In all, I recommend this retreat for anyone who is searching for a spiritual re-boot or an opportunity to reunite with God in his love. I could not help but laugh and smile after leaving. I left with a ton of joy and an entire list of new resolutions. I’m looking forward to continuing this change for the better. I’ve come a long way in my life and now their really isn’t any turning back. Again like I said earlier, you either give yourself totally to God or not at all.

In Christ

Adrian

Domino Delight OLD POST I’LL JUST POST IT

Week before the end of the quarter, two quarters left till graduation. I have a crazy feeling next quarter will feel like an eternity. I cant imagine how fast these last three years have gone by. Other than that, quick update on the last couple of days. I finally got some sleep today. Lakers knocked out the Magic game one of the NBA finals and I finished that paper on marriage and family. I have a  ton of errors but I”m thinking of posting it on here in the next couple of days. What I find amazing though is how stress can really take a lot out of you. Of course a lot of that has to do with procrastination and we have to blame ourselves for that. But wow, what a week its been, what a quarter. Its’ been a ride for sure. I did some things this quarter that got me in trouble  and I had a wake up call, thank God! Thank God for wordpress drafts, my computer just shut down and I recovered half of my posting. Other than I”m gonna get back to cleaning my kitchen, i’m pretty much rambling from this point on. I’ll keep yall posted tomorrow.

Reconciliation

At first I thought it was a heart attack. Then I thought to myself, I’m too young to have one of those, but on the other I am overweight so there is a slight chance. Honestly though, its amazing how much the  heart can take. The other night, since my last post, my heart was beating out of anger and for the need of forgiveness. That night, whenever my last post was, I could not fall asleep after being kept up by my roommate, so I started to pray really really hard and what came from that was reconciliation. I was able to stay up till about 7am, I reached for my keys and got in my car and drove about 8 miles to St. Mary in Escondido to go to Confession. My heart was so driven to get me there. I was tired, upset, frustrated, and really annoyed at people around me.

This is a problem, I told myself. “Dude what the heck are you thinking. My brain was seriously overwhelmed. So I left it at that, I went to confession did my thing, it was quick one I must say, the priest arrived pretty late and I had 6 little kids in front me waiting for confession. That was pretty cool, especially them being there with their parents. I had done, been forgiven and what a trial this week has been. Finals are in two weeks and I should be writing my paper on marriage right  but I have to keep praying for guidance and for help “Make my paper make sense” Other than that, I”m looking forward to the end of quarter and hopefully getting my media company filming going.

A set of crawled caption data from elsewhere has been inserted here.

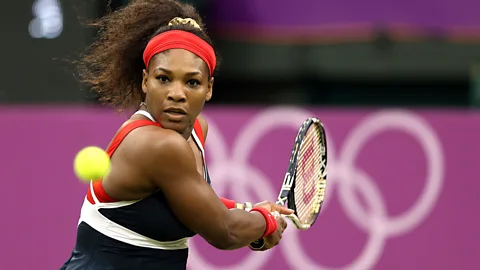 Getty Images Serena Williams returns a shot to Russia’s Vera Zvonareva at the London 2012 Olympics (Credit: Getty Images)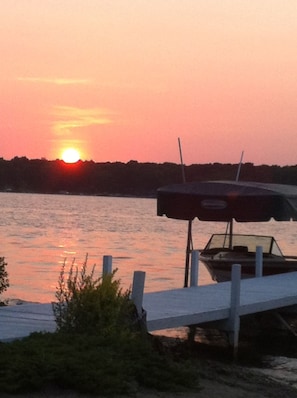 beautiful sunset on Delavan Lake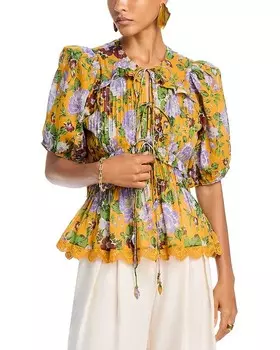 Платье Capri Peplum Hem Top FARM Rio, желтый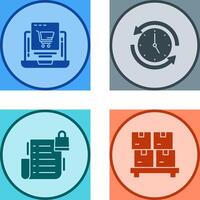 Add to Cart and Run time Icon vector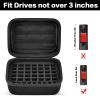 Comecase USB Flash Drive Case, Thumb Drive, Memory Card SD SDXC SDHC Card Holder Organizer, Electronic Accessories Storage Bag for SanDisk/SamData/Samsung/TOPESEL/PNY view 3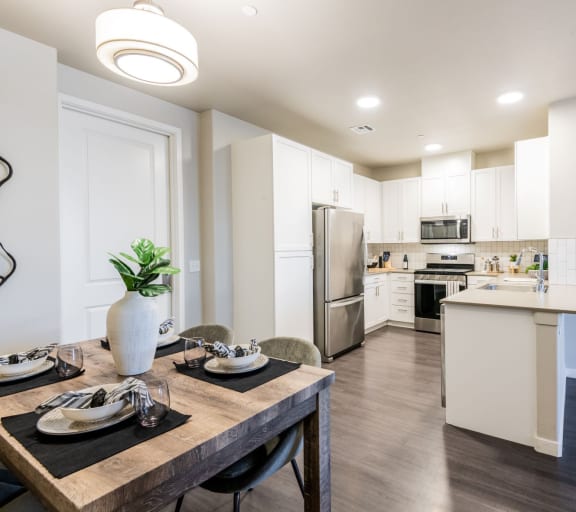 Kitchen and dining area 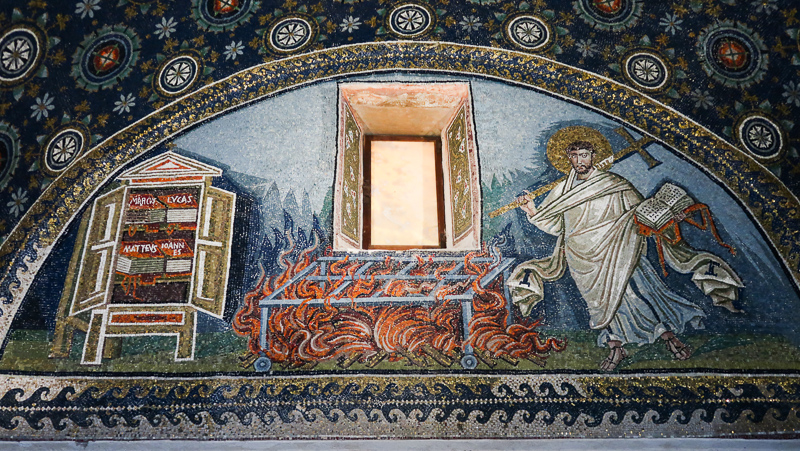 Mosiac in Mausoleum of Gall Placidia, Ravenna, Italy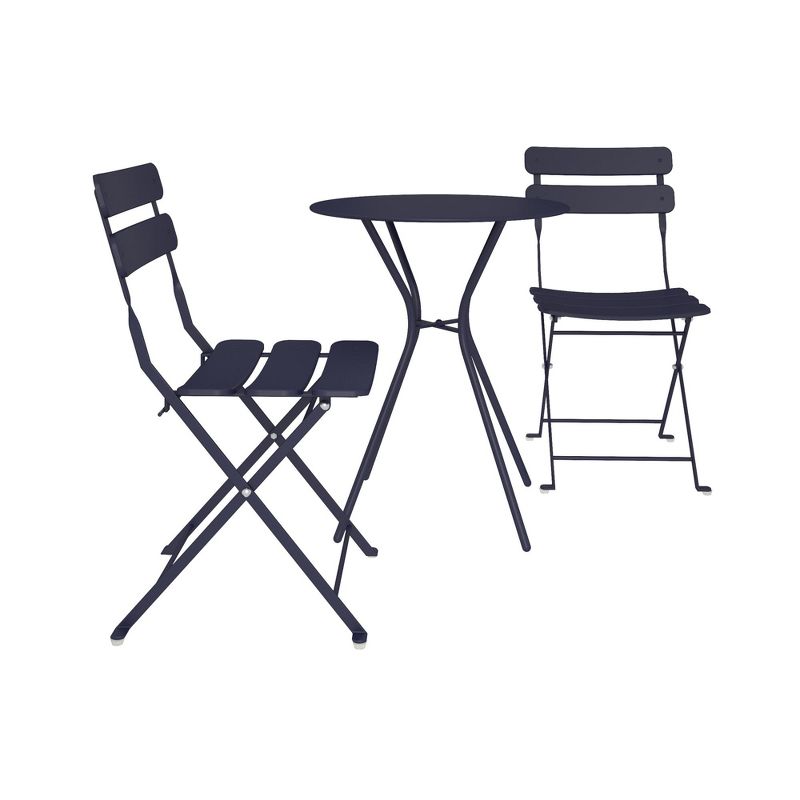 COSCO 3 Piece Bistro Set with 2 Folding Chairs, 3 of 5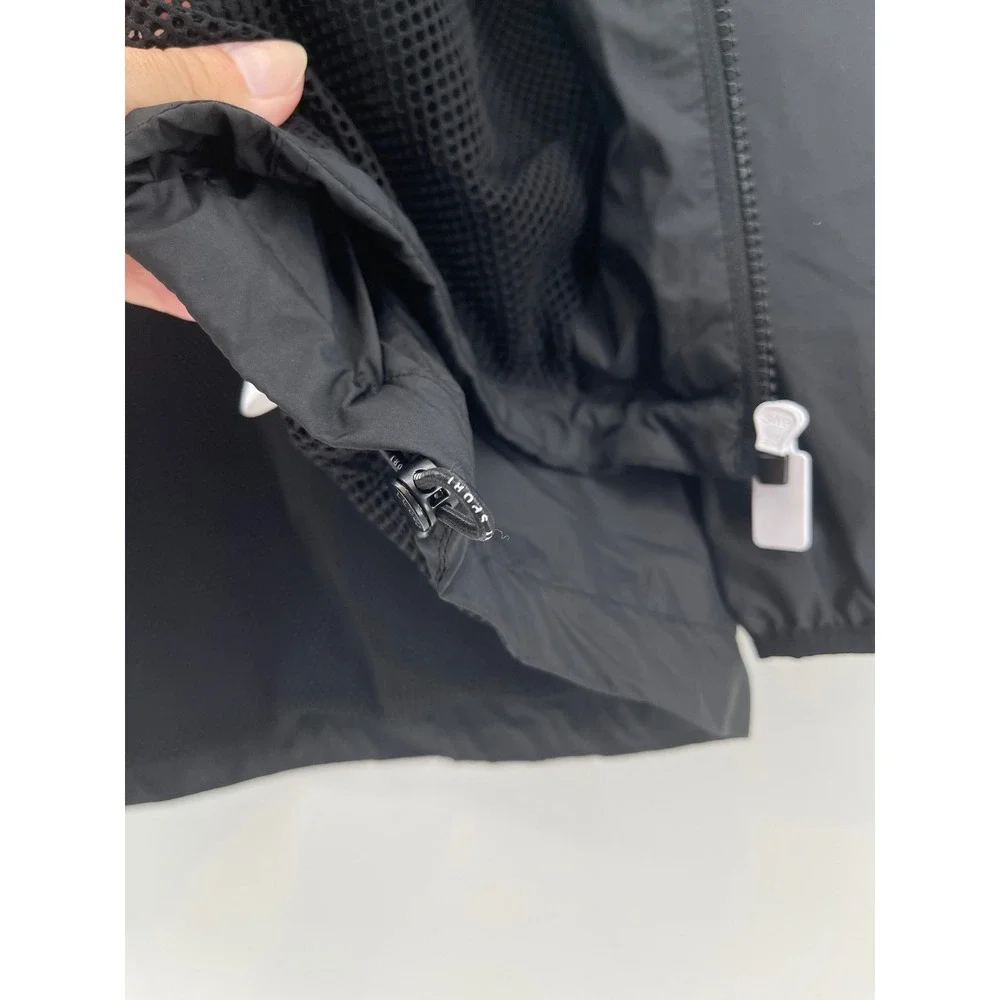 DKNY Sport MLB Seattle Mariners Windbreaker Jacket Full Zip Womens LG Black NEW - Picture 11 of 16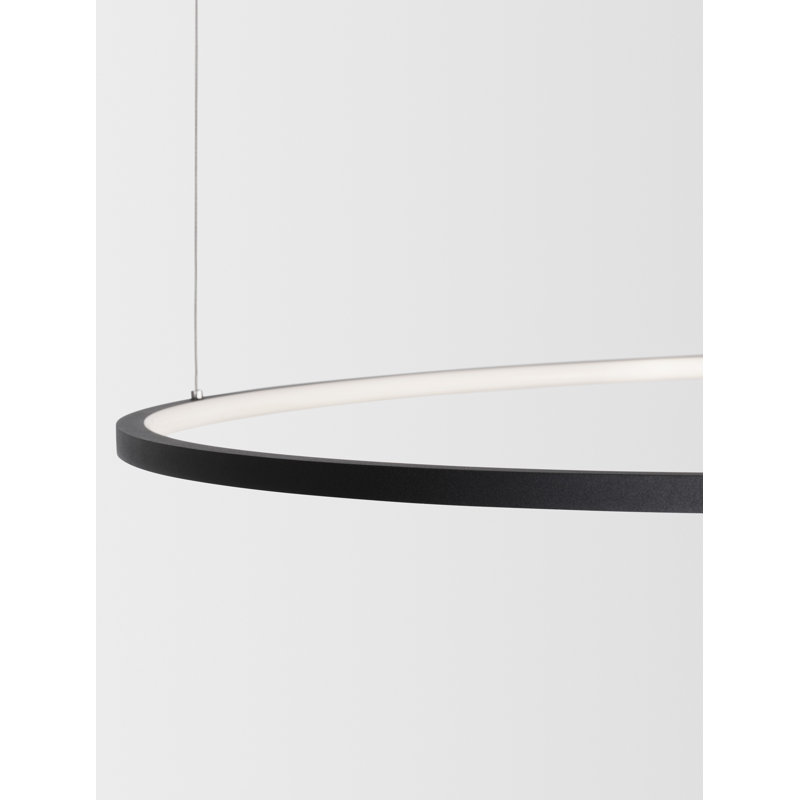 1 - Light Black LED Unique/Statement Pendant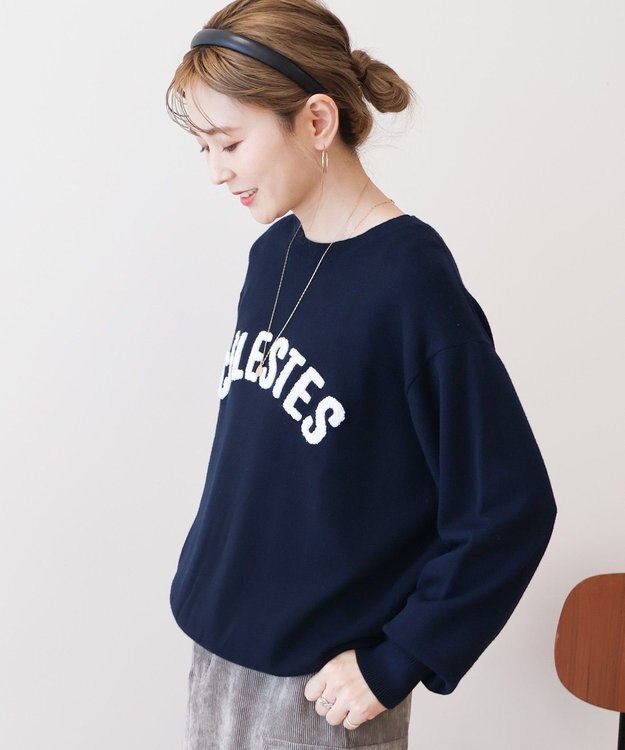 AMERICAN HOLIC バイパチＣＥＲＥＳＴＥＳロゴニットプルオーバー Navy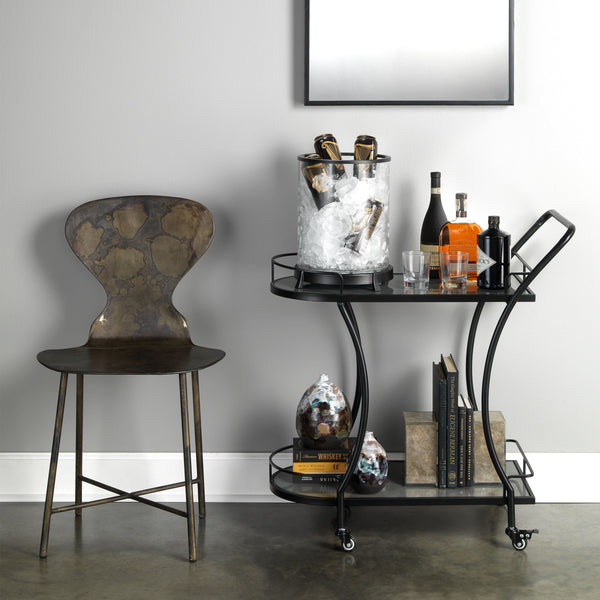 McCallan Metal Chair, Acid Wash Metal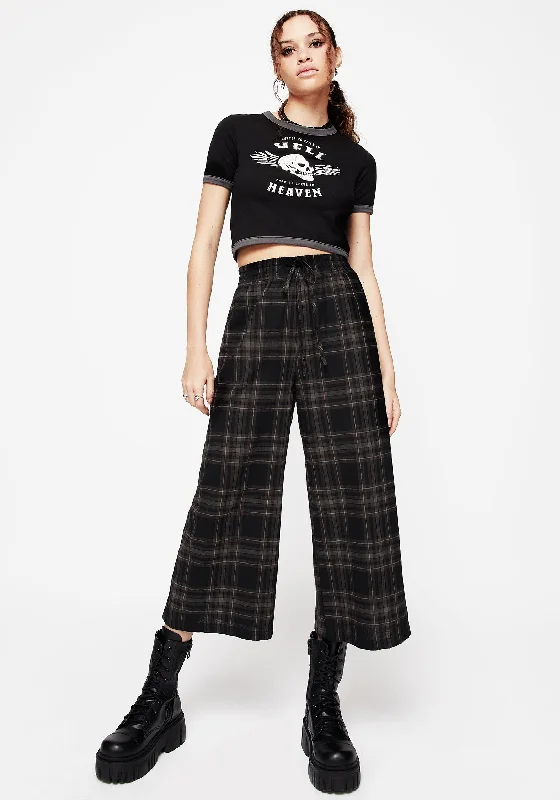 Clover Check Crop Trousers Trousers stylish modern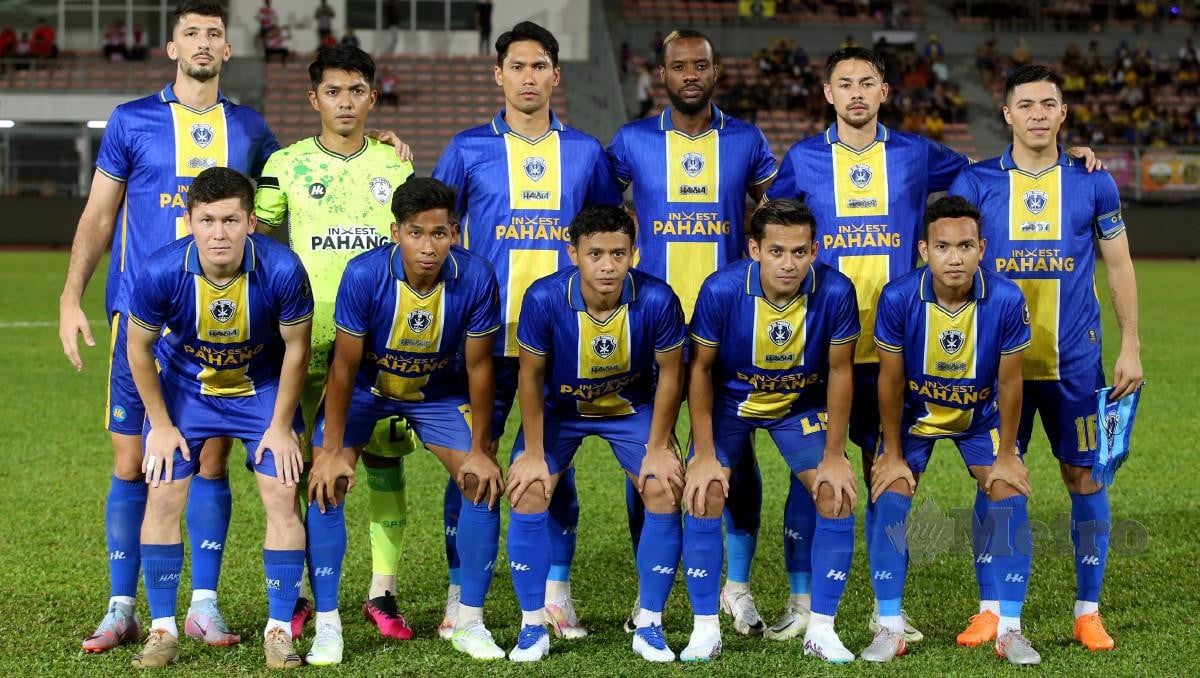 SRI Pahang memiliki kelebihan satu gol ke atas KL City. FOTO HAIRUL ANUAR RAHIM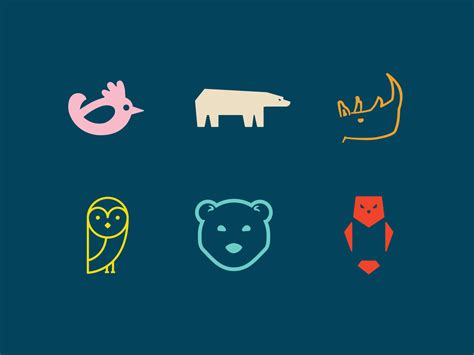 Animals Logo Design Concepts in Color by Ivan Nikolow on Dribbble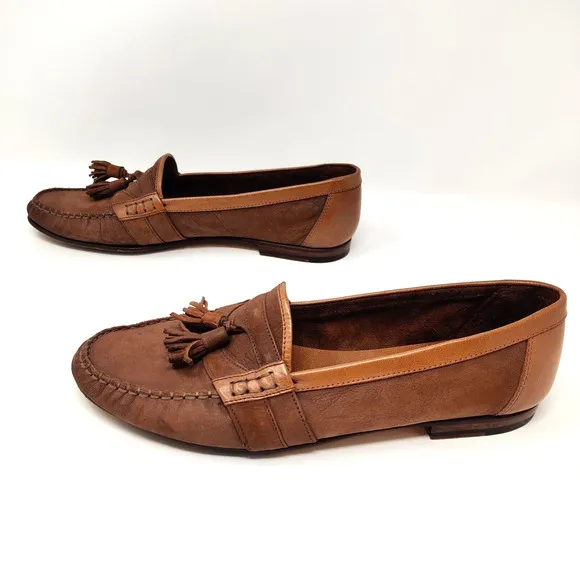 Bally Mens Zack Tassel Loafers SIZE 10 Brown Soft Leather Timeless Luxury Italy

This is just another quick update, i’m still trying to figure this bloging thing out, until then, hopefully I can write some more tomorrow. Good Night.

I leave you with one my favorite Depeche Mode songs. “Meaning of Love” If only they were like the Cure and play some of their old stuff. That would be awesome. Maybe someday.

Adrian

Early Saturday Morning

If your looking for a great album to listen to while you clean. I would recommend this one. Disintegration by The Cure. If you know me, you know this is one of my favorite bands. Enjoy.